What you have to do:
Once the images are set aside, return every entry exactly.
─── Source material
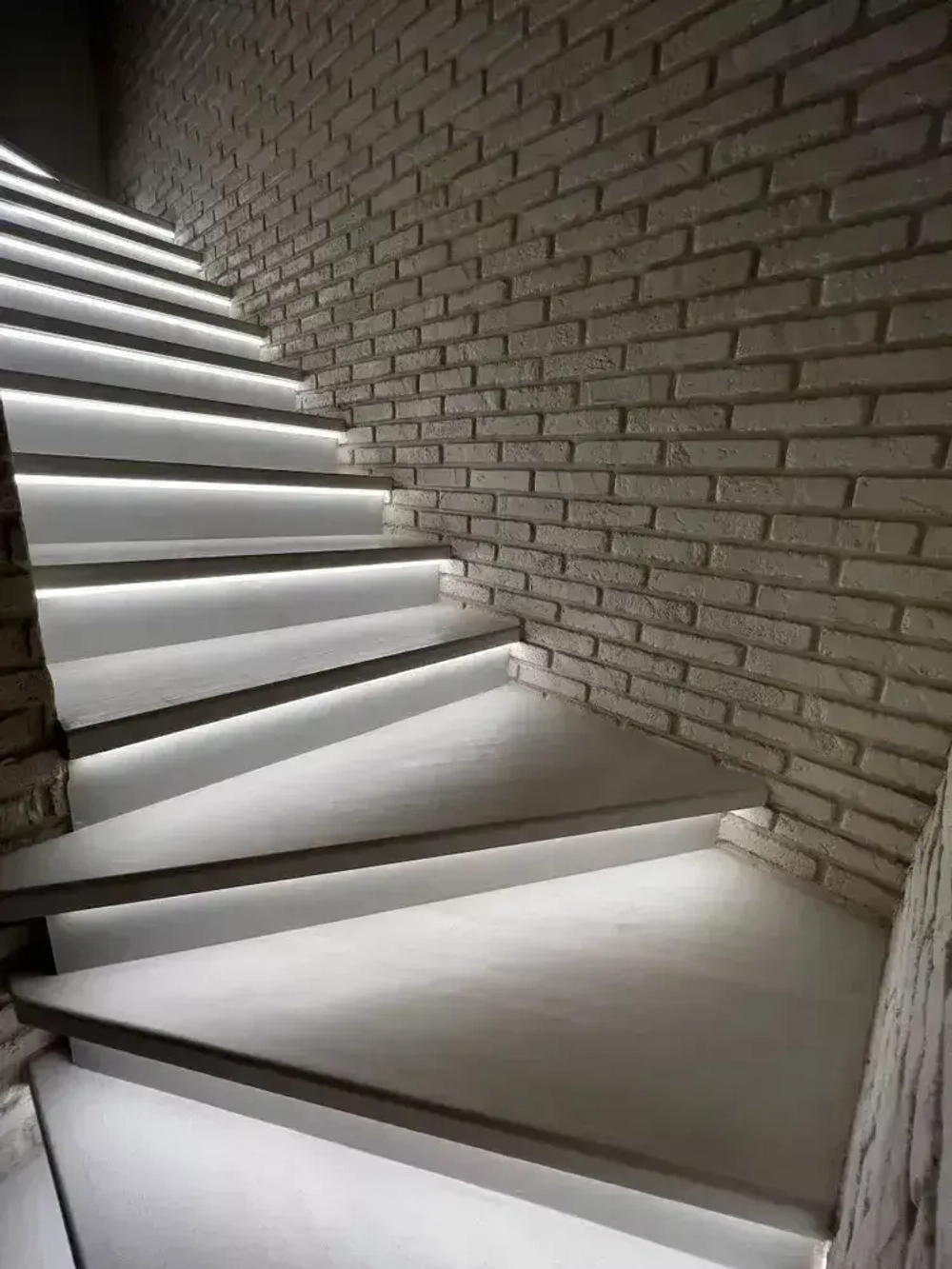 Светодиодная лента, 10м, с пультом, 12В, 180 LED, IP20, 18 LED/м, RGB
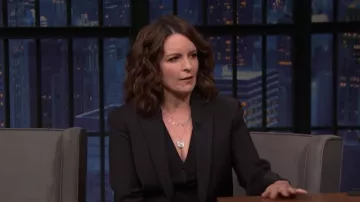 Colliers portés par Tina Fey comme on le voit dans Late Night with Seth Meyers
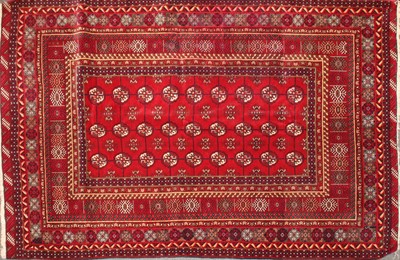 Lot 598 - A hand knotted Bokhara rug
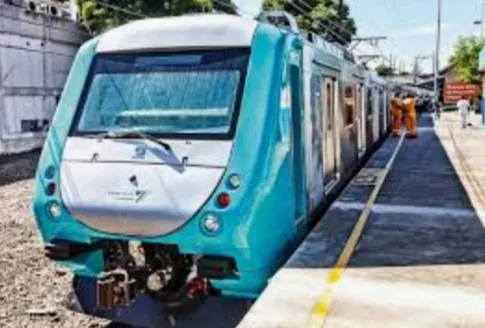 Tiroteio interrompe serviços de trens no Rio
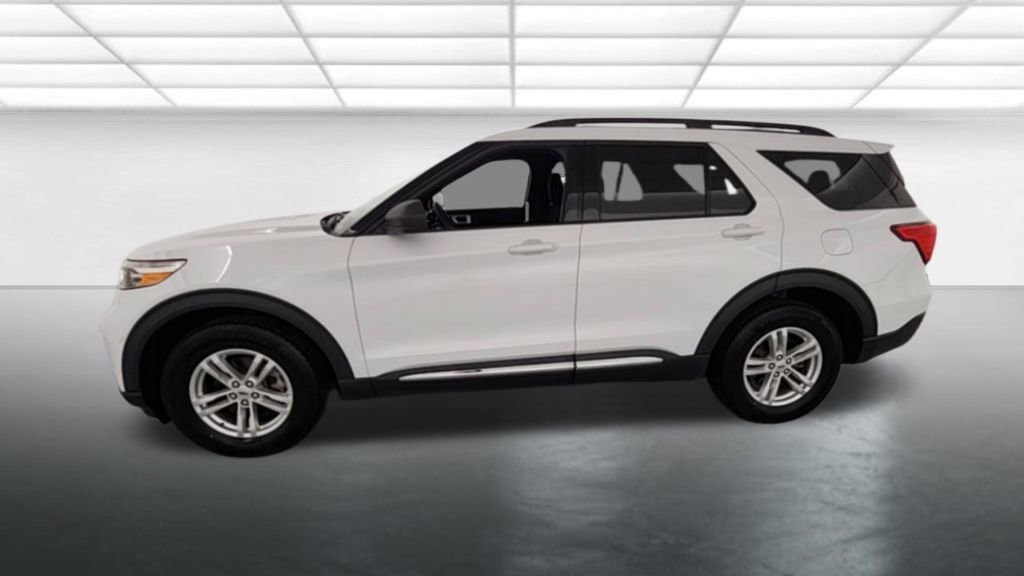 Used 2020 Ford Explorer XLT w/ Comfort Package AWD/4WD image 3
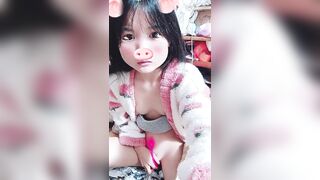 【水嫩宝宝】真实农村养鸡少女农村户外露出直播可爱内裤别跳蛋在院子里直播勾引农村大爷舔B①0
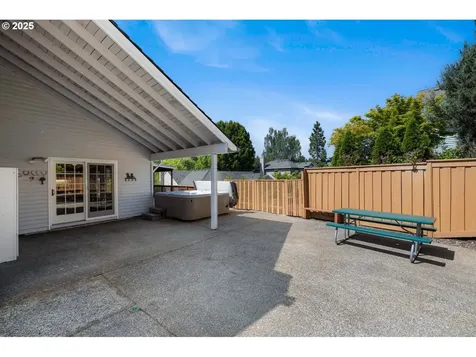 6515 SW Chelsea Place Portland OR 97223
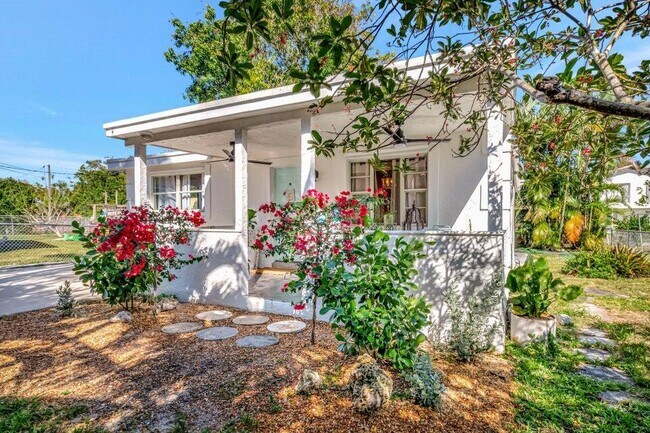 Foto del edificio - 237 SW 3rd Ave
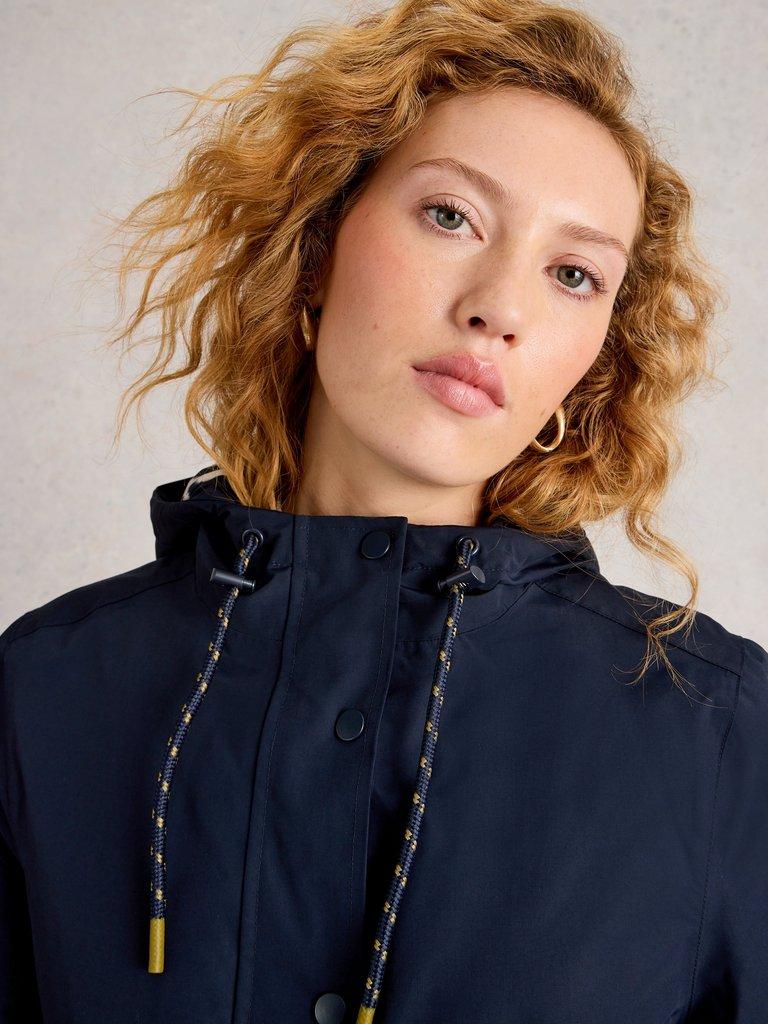 Willow Waterproof Coat in DARK NAVY - MODEL DETAIL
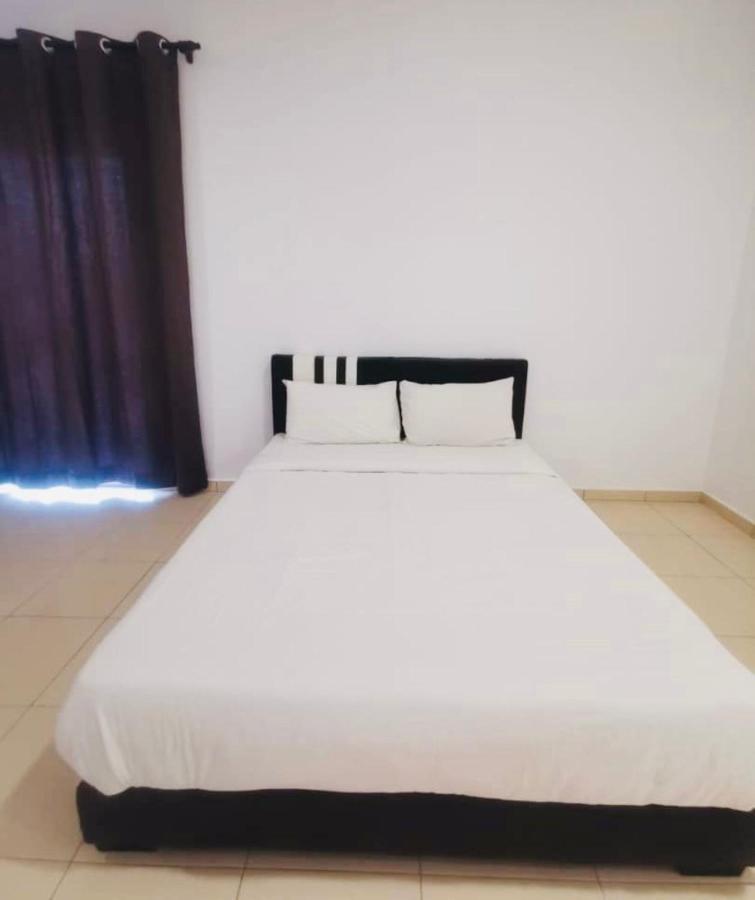 Oyo Homes 90524 D'J Pegaso Serom Homestay Muar Exteriér fotografie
──────
Solution for this problem:
 Светодиодная лента, 10м, с пультом, 12В, 180 LED, IP20, 18 LED/м, RGB
 Colliers portés par Tina Fey comme on le voit dans Late Night with Seth Meyers
 Lot 598 - A hand knotted Bokhara rug
 Tiroteio interrompe serviços de trens no Rio
 Used 2020 Ford Explorer XLT w/ Comfort Package AWD/4WD image 3
 【水嫩宝宝】真实农村养鸡少女农村户外露出直播可爱内裤别跳蛋在院子里直播勾引农村大爷舔B①0
 6515 SW Chelsea Place Portland OR 97223
 Foto del edificio - 237 SW 3rd Ave
 Willow Waterproof Coat in DARK NAVY - MODEL DETAIL
 Oyo Homes 90524 D'J Pegaso Serom Homestay Muar Exteriér fotografie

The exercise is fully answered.